Miles Mathis posted a paper I wrote showing that the famous Dreyfus Affair was a manufactured hoax. For those of you coming here from that paper, welcome! Below I have a brief clarification about the goals of the Dreyfus affair plus a bonus outing of another French spook. But first a few preliminaries:
I am a new addition to the blog here along with several regulars who have until now only contributed to the comments section. Mark Tokarski is the captain who prefers to stay out of the limelight. He welcomes thoughtful comments and constructive criticism. But he runs a tight ship, so please be thoughtful and respectful when commenting or you might have to walk the shill plank. (-;
Mark, along with another contributor who goes by straightfromthedevilsmouth (or ‘straight’ for short), has discovered a shocking number of celebrities who we know as a single persona but are actually ‘played’ by identical twins. If you’ve read Miles’s work, you know that Intelligence loves twins, like Paul & Mike McCartney and Elvis & Aron Presley. Well it turns out those ones are just a drop in the bucket. You can find all of the twins uncovered so far in The Honor Roll of Twins on the right sidebar under the Blogroll. We have a working hypothesis that twins can be ‘engineered’ by artificial embryo splitting, but that’s for another day.
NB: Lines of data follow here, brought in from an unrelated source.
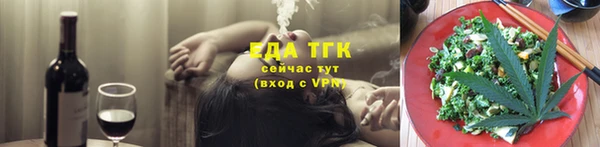 мет Дмитриев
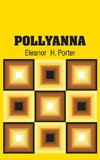 Pollyanna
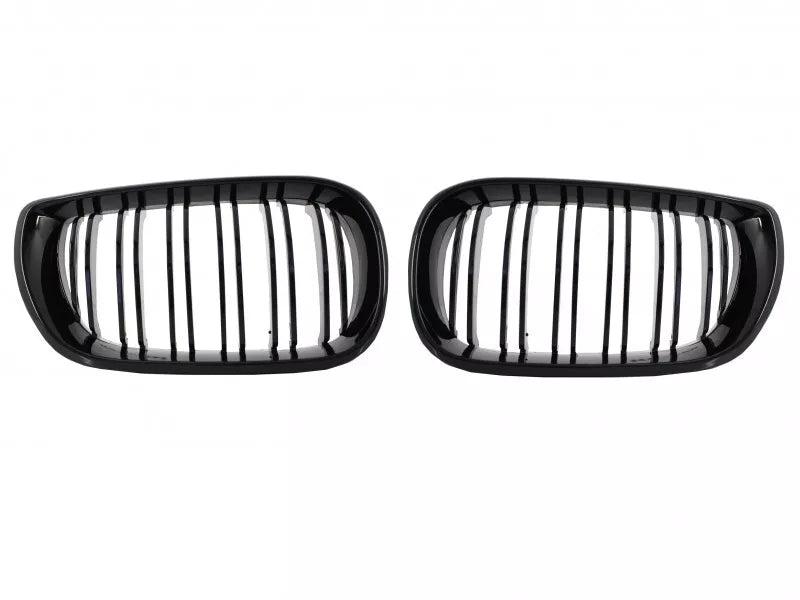 💎Paraurti per BMW 3er Coupe Cabrio Berlina Estate E46 98-04 Fendinebbia M3💎
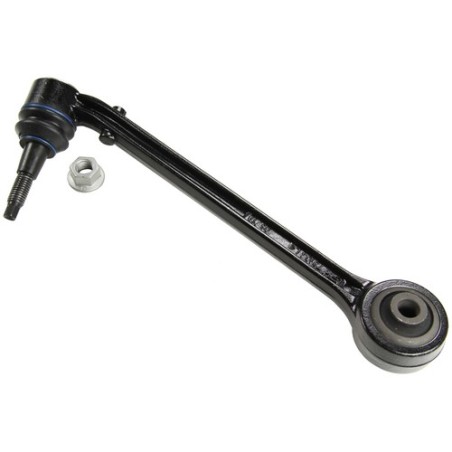 Control Arm for 2010-2015 Chevrolet Camaro   0'' Full Front and Rear Moog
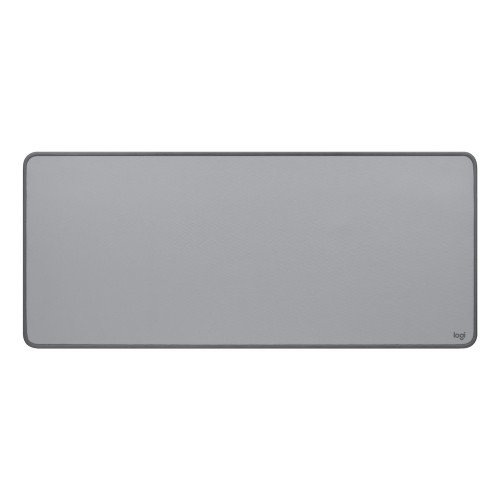Logitech Desk Mat Logitech Desk Mat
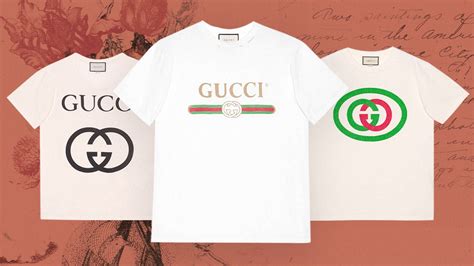 cool gucci designs|average price of Gucci clothes.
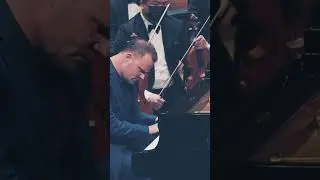 Rhapsody in Blue in Taiwan #americancomposer #piano #taiwan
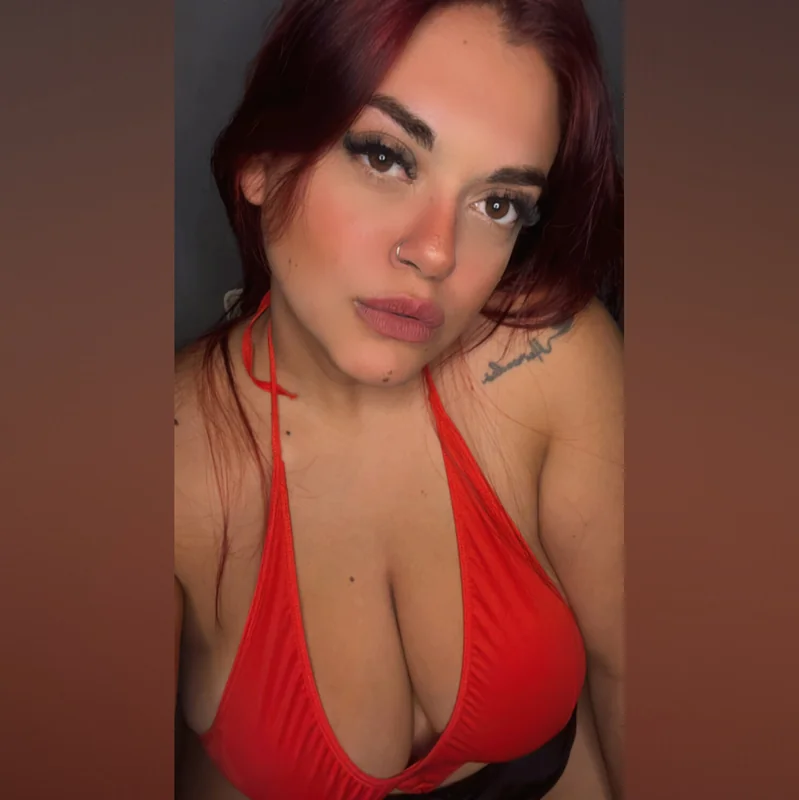 Silvana Garcete - OnlyFans Creator Profile Picture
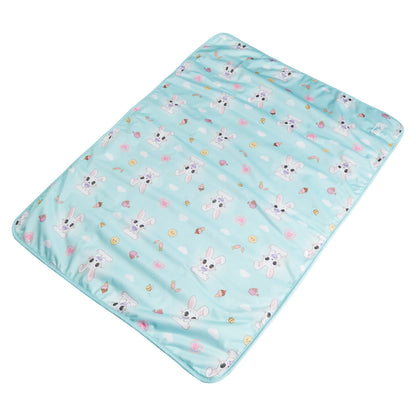 Rearz Bunnyboo Change Pad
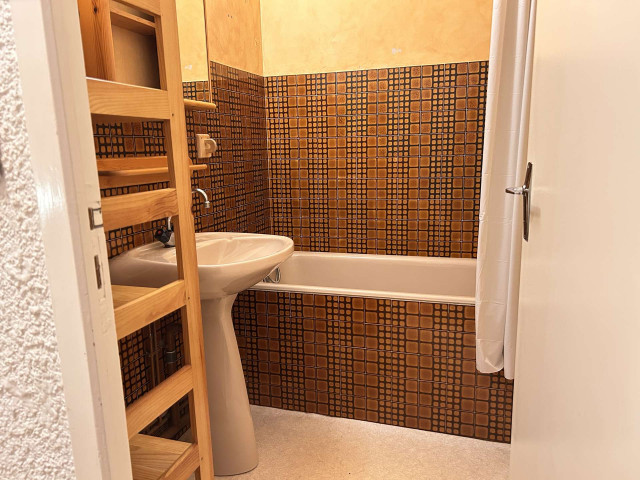 _clients_210560001_photos_10550l_2267681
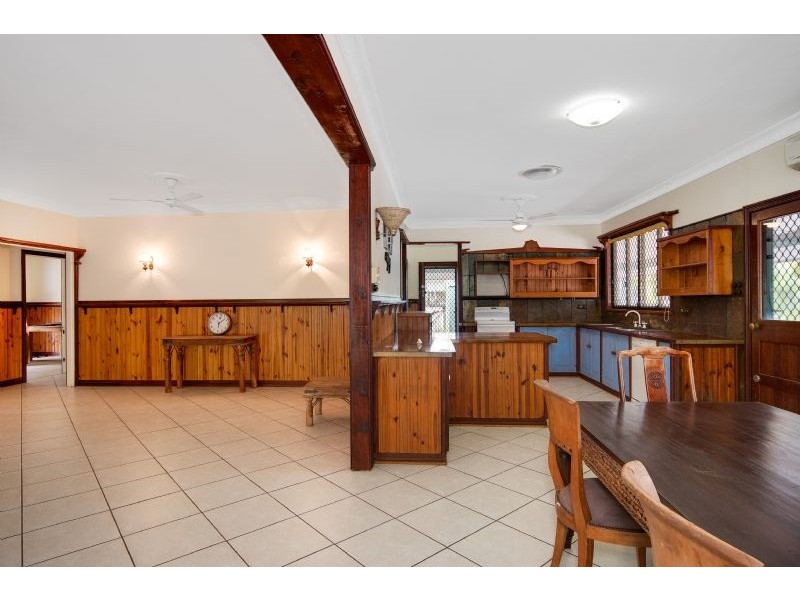 Clifton Beach QLD 4879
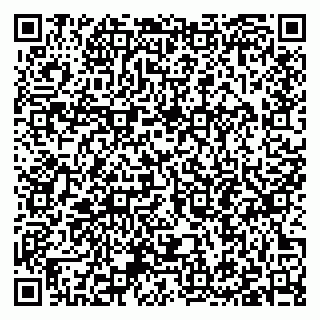 vCard 79397097977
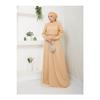 Lina Hijab Evening Dress Lna001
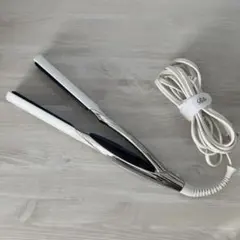 Item thumbnail for item 1cc82be7-3f00-4147-af81-8e30003916ab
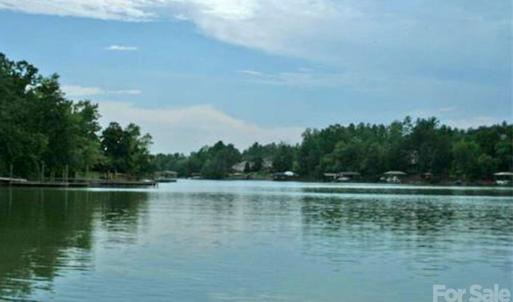 Photo #3 of 552 Placid, Fort Mill, SC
And if that wasn’t enough, they’ve also found compelling evidence that many celebrities who allegedly “died” young (many from the Laurel Canyon scene), were reactivated later to take on new roles in the media. Mark and Straight call them zombies. You can find them in The Honor Roll of Zombies and assess the evidence for yourself. Maybe we should start printing out bumper stickers for the proud parents whose kids made the honor roll.
Exposing twins and zombies has been the primary pre-occupation of the blog for the last 6 months or so, and will continue to be a main theme, but with new blood on board we are branching out in new directions.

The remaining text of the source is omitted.